Paper: Using hybrid algorithmic-crowdsourcing methods for academic knowledge acquisition (Cluster Computing 2017)
11 months ago by
Scientific literature contains a lot of meaningful objects such as Figures, Tables, Definitions, Algorithms, etc., which are called Knowledge Cells hereafter. An advanced academic search engine which could take advantage of Knowledge Cells and their various relationships to obtain more accurate search results is expected. Further, it’s expected to provide a fine-grained search regarding to Knowledge Cells for deep-level information discovery and exploration. Therefore, it is important to identify and extract the Knowledge Cells and their various relationships which are often intrinsic and implicit in articles.

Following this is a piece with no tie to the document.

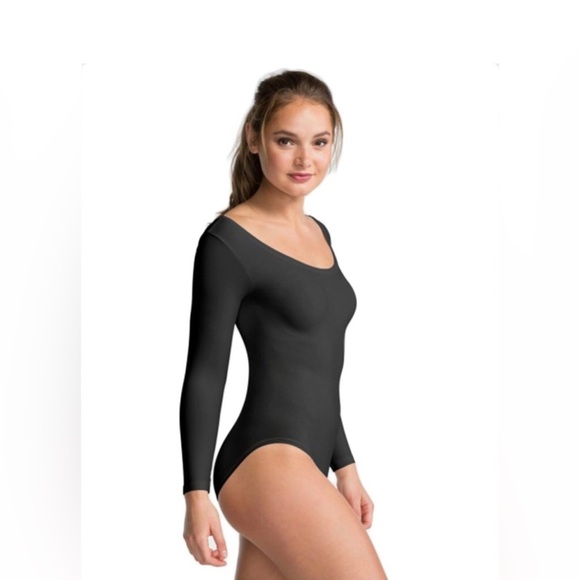 🆕 SPANX Black Long-sleeve Bodysuit - Picture 2 of 3
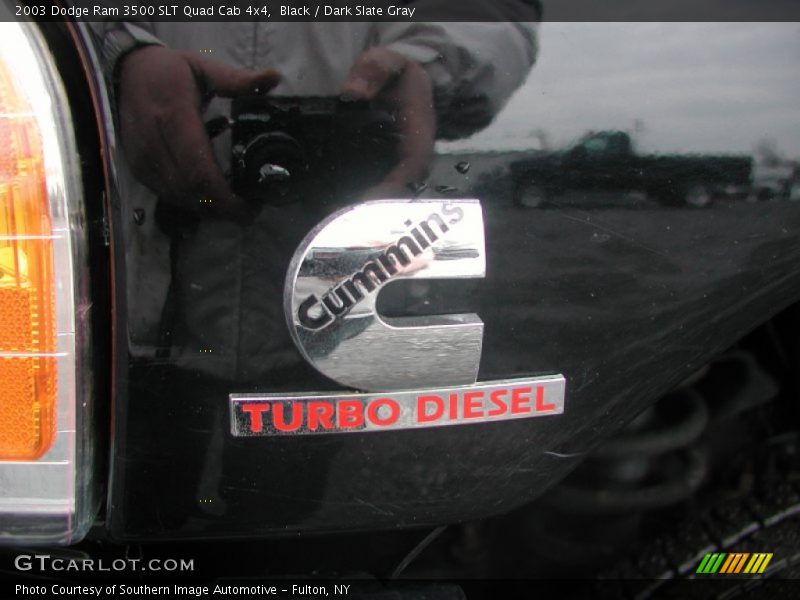 Black / Dark Slate Gray 2003 Dodge Ram 3500 SLT Quad Cab 4x4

With the exponential growth of scientific publications, discovery and acquisition of such useful academic knowledge impose some practical challenges For example, existing algorithmic methods can hardly extend to handle diverse layouts of journals, nor to scale up to process massive documents. As crowdsourcing has become a powerful paradigm for large scale problem-solving especially for tasks that are difficult for computers but easy for human, we consider the problem of academic knowledge discovery and acquisition as a crowd-sourced database problem and show a hybrid framework to integrate the accuracy of crowdsourcing workers and the speed of automatic algorithms. In this paper, we introduce our current system implementation, a platform for academic knowledge discovery and acquisition (PANDA), as well as some interesting observations and promising future directions.